Terasaki Nibei Foundation
April 21, 2020 Tuesday. 7:00 pm
Dinner starts 6 pm (upon order only)

Bokyo no Kane – Nostalgic Homeland
Directed by Hisako Yamada

Tragic story of Japanese immigration to Manchuria during WWII

Japan’s aggressive resettlement policy during WWII victimized so many innocent poor Japanese farmers and also Chinese in Mainland China.

Japan established the state of Manchukuo in north-east part of China and Mongolia; from 1932 through 1945 more than 270,000 Japanese firming families were relocated to border area close to Russia.

More than half lost their lives, most of them woman and children.

Men older than 15 years old were taken by Soviet as POW and forced to work in Siberia. All of this happened after Japan surrendered to allies.

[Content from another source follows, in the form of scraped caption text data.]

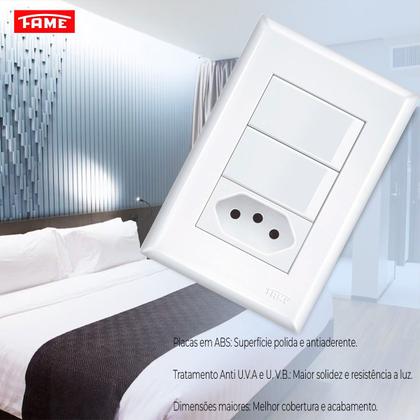 Imagem de 2 Interruptores Simples E 1 Tomada 2p+t 10a/250v Fame Kit 12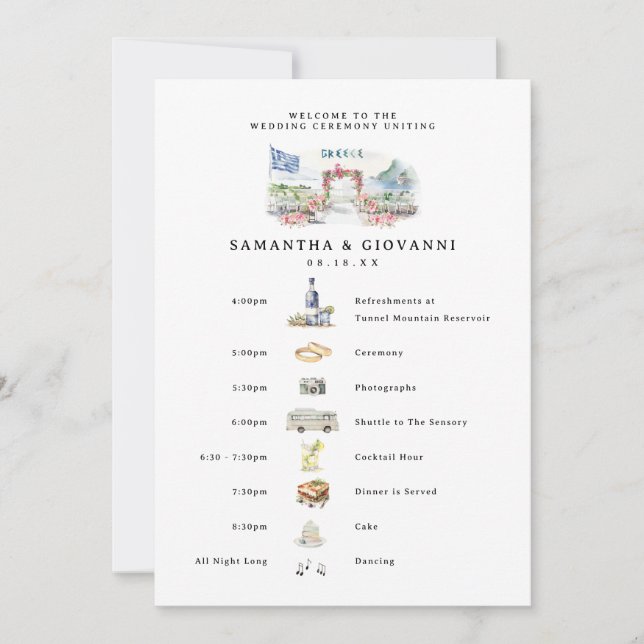 Invitación Digital de bienvenida al fin de semana Boda de Gre (Anverso)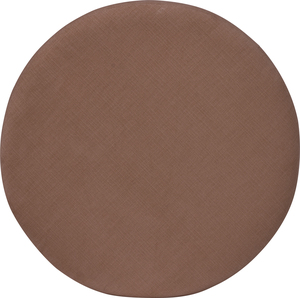 Minimalist <b>Round</b> Almond Upholstered Pouf MDF LVL Veneer Ottoman for Living Room Lounge - Product Image 5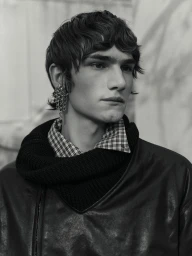Portrait of a male model wearing a dark leather jacket and plaid shirt with an ornate chained ear cuff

This is a little known tragic history of WWII.

Hisako Yamada, 87 years old woman movie director, decided that this story must be told. She made this movie to commemorate the 70th anniversary of the end of WWII.

This is a true story of poor farming villagers and a Buddhist priest who immigrated to Manchuria only three months before Japan surrender.

During flight from the Russian army, families were torn apart; only one fifth of the villagers came back alive to Japan.

The Buddhist priest was captured by Russians and endured hard labor in Siberia for many years. When he came back home he found out his wife and two children had never come back.

He starts his struggling long journey to search for left behind children in China when Japan had no diplomatic ties with China.

This movie in Japanese with English subtitle.